Em outubro do mesmo ano Pin Ups foi lançado, coincidentemente no mesmo dia em que These Foolish Things chegou às lojas, causando grande alvoroço entre público e crítica. Na capa, Bowie aparece retratado ao lado da magérrima modelo Twiggy, uma espécie de Gisele Büdchen da época, que mesmo com uma aparência quase anoréxica foi a primeira grande top model a alcançar projeção internacional como celebridade. Twiggy conta que a foto seria usada na capa da Vogue Magazine, mas um dos diretores vetou-a porque nunca um homem aparecera na capa da famosa revista de moda, o que ela considerou uma burrice, já que provavelmente a revista iria vender em um mês mais do que em toda a sua existência. Enquanto a direção da revista se mantinha inflexível, Bowie decidiu usar a foto na capa de Pin Ups. Na contracapa, Bowie conta que escolheu algumas de suas músicas prediletas das bandas que ele ia aos shows em Londres entre 1964 e 1967, época em que tentava em vão o sucesso liderando os grupos The King Bees (1964) e Lower Third (1965).

A primeira faixa de Pin Ups, “Rosalyn”, já demonstrava que se tratava de um disco de rocks vigorosos. A música era do Pretty Things, que foi formado pelo guitarrista Dick Taylor, um antigo colega de escola de Keith Richards que fundou os Rolling Stones ao lado de Jagger e Richards. “Rosalyn” emenda sem intervalo em “Here Comes the Night” do grupo Them, que tinha como vocalista o baixinho Van Morrison, que em minha modesta opinião é um dos melhores cantores do planeta. O blues-rock “I Wish You Would”, dos Yardbirds, precede a surpreendente interpretação de “See Emily Play”, originalmente incluída em um dos primeiros singles do Pink Floyd. David Bowie por diversas vezes se declarou um grande fã de Syd Barrett, o louco mentor do Pink Floyd. Segue mais um rock eletrizante: “Everything’s Alright”, do obscuro grupo de Liverpool The Mojos. O lado 1 se encerra com uma versão bem mais lenta para a canção de Pete Townshend “I Can’t Explain”, em um arranjo diferente do The Who, mas não menos brilhante.

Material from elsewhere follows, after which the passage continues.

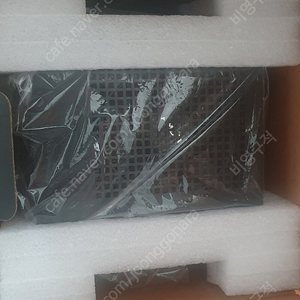 ASROCK DESKMINI X300 5600g 16gb 250gb 팝니다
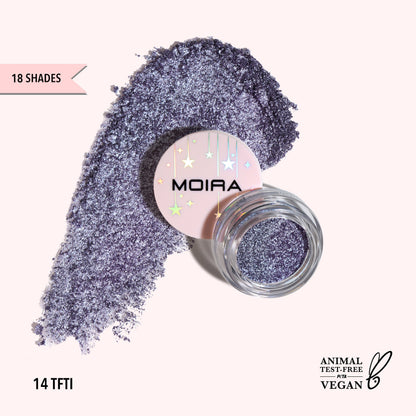Moira Shadow Pot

Hora de virar o disco e largar a agulha nos primeiros sulcos do lado 2. Ouve-se então uma empolgante versão de “Friday On My Mind”, maior sucesso da ótima banda Easybeats, que tinha como líder o guitarrista George Young, irmão mais velho dos guitarristas do AC/DC Malcolm e Angus. Segue a versão de “Sorrow” do The Merseys e “Don’t Bring me Down”, outra canção dos Pretty Things. A sequência final traz mais Yardbirds com “Shapes of Things” e mais The Who com “Anyway, Anyhow, Anywhere”, desta vez com o mesmo arranjo original do quarteto inglês, precedendo a última faixa, uma ótima versão para a música de Ray Davies “Where Have All the Good Times Gone”, sucesso dos Kinks.

David Bowie e banda ainda gravaram uma versão de “White Light, White Heat” de Lou Reed, que costumavam tocar ao vivo, mas a música ficou de fora de Pin Ups provavelmente por o Velvet Underground ser um grupo nova-iorquino e Bowie desejar dar ênfase às bandas inglesas.

Em 1990 um relançamento em CD remasterizado trouxe como bônus à inédita cover de “Growin’ Up”, de Bruce Springsteen, gravada na primeira sessão de Diamond Dogs, seu disco seguinte, com a participação do então guitarrista dos Faces, Ron Wood; e “Port of Amsterdam”, de Jacques Brel, que havia sido incluída no lado B do compacto “Sorrow”, em 1973.

Pin Ups é um discão de rock and roll. Não é exagero dizer que várias de suas canções foram imortalizadas em suas versões definitivas nesse LP, algumas até em detrimento às suas gravações originais.

Comentários

  1. Bela matéria para um belo disco. O último grande lançamento de Bowie antes de entrar em uma fase mágica, com álbuns fantásticos que vão de Young Americans a Scary Monsters. Parabéns!